Année après année, le financement participatif prend de l’ampleur : en dépit d’une baisse du nombre de projets soutenus, les montants collectés ont bondi de 25 % en 2022, selon Mazars et FPF — Photo : Anuchit Singkham - CC0

Le financement participatif, c’est du sérieux ! À la veille d’une vaste réorganisation du secteur et en dépit des tempêtes économiques successives, le crowdfunding a fermement maintenu le cap de la croissance en 2022. Ce mode de levées de fonds "par la foule" a bouclé l’année sur un nouveau record de collecte de 2,35 milliards d’euros (+25,3 % sur un an), selon le baromètre du cabinet Mazars et de l’association professionnelle Financement participatif France (FPF), réalisé à partir des réponses de 66 plates-formes.

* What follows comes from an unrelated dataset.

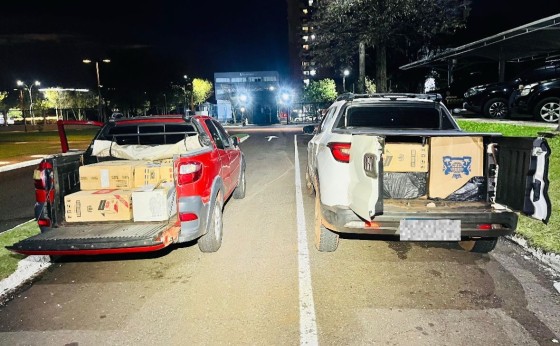 BPFRON e PF apreendem cigarros contrabandeados, armas de fogo e veículos adulterados em São Miguel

"Une vraie performance", vu le contexte économique, "d’autant plus remarquable qu’elle vient après une hausse de 84 % en 2021", se réjouit Damien Guermonprez, le président de FPF. Ce résultat exceptionnel est toutefois terni par la nette baisse en volume de l’activité, avec 120 107 projets comptabilisés (-28,8 %). Une contraction qui a sans doute contrarié les espoirs du secteur : il y a un an, FPF espérait bien se rapprocher de la barre des 3 Md€ dès 2022.

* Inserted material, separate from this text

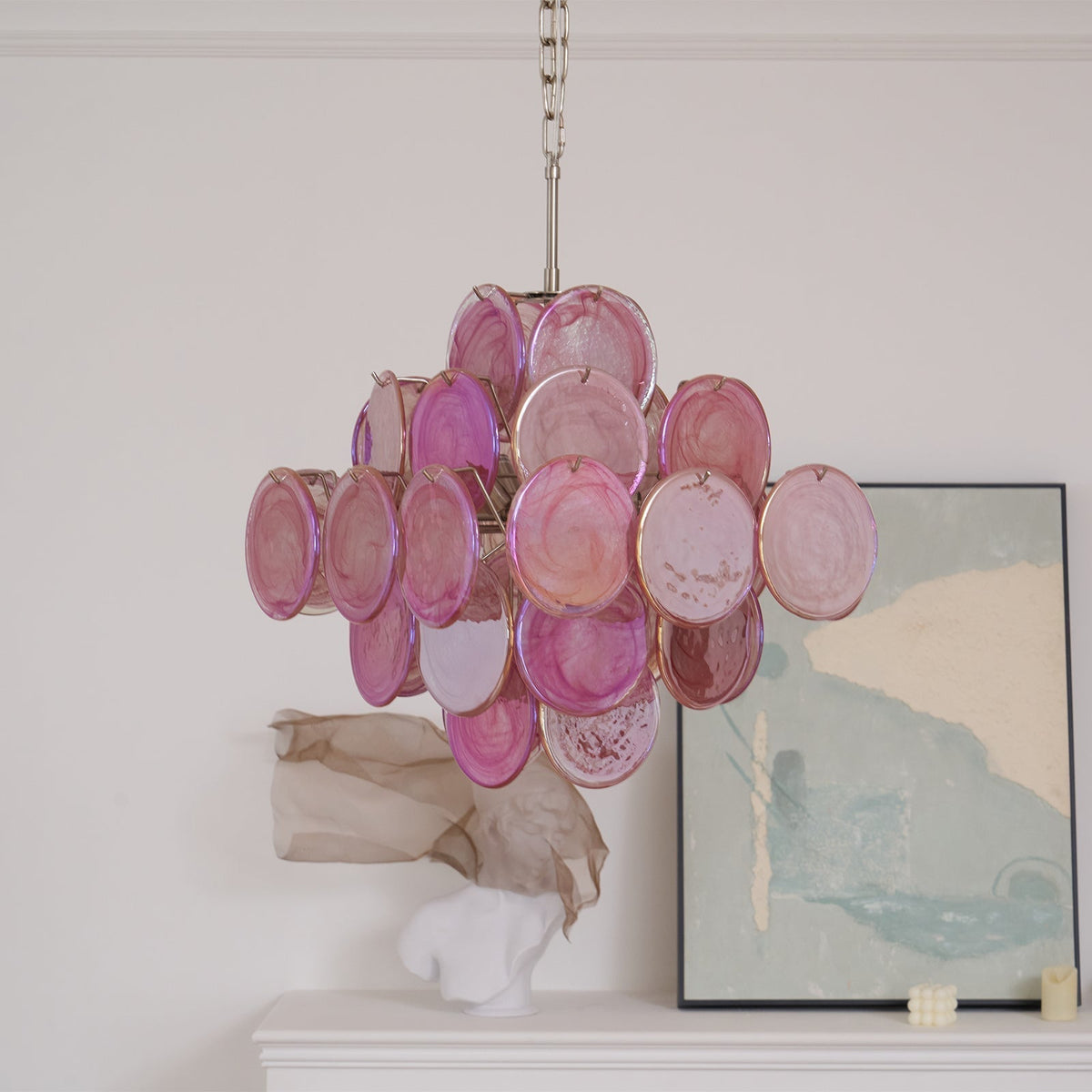 Celeian lampadario vetro Rosa Iridescente Stratificato romantico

Les entreprises se laissent convaincre par le crowdfunding

Mais au-delà de ce bémol, le crowdfunding semble bel et bien s’installer dans le paysage du financement, en tant qu’alternative crédible pour les acteurs économiques. D’ailleurs, si les campagnes de dons ont nettement marqué le pas l’an dernier (-45,8 % en montants collectés), il en est allé tout autrement des modèles traditionnellement privilégiés par les entreprises.

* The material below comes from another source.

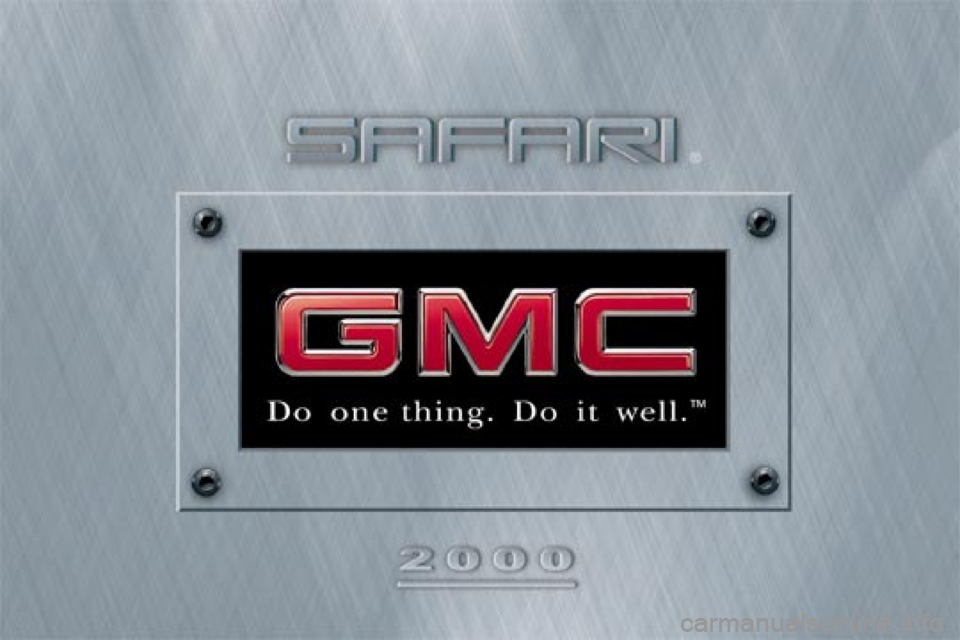 GMC SAFARI 2000  Owners Manual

À eux seuls, les prêts ont permis de rassembler près de 2,1 milliards d’euros (+32,8 %). La majorité de cette somme (85 %) a pris la forme d’emprunts obligataires, captés pour l’essentiel par l’immobilier, véritable "locomotive" du financement participatif. Mais, en nombre de projets, les prêts rémunérés font jeu égal (1 750 environ) pour un montant levé (302,5 M€), certes, plus modeste, mais en progression (+16,3 %). Même tendance pour l’investissement, avec 150 M€ amassés en capital ou royalties (+44,9 %).

Au total, 5 786 entreprises, auxquelles s’ajoutent près de 4 000 start-up et 24 000 structures de l’ESS, ont ainsi embarqué dans l’aventure participative. À l’image du transporteur breton à la voile Towt. Son cofondateur Guillaume Le Grand reconnaît bien volontiers, aujourd’hui, s’être lancé dans une telle campagne sans trop y croire. Résultat des courses : 4,5 millions d’euros levés, auprès de plus de 2 000 particuliers.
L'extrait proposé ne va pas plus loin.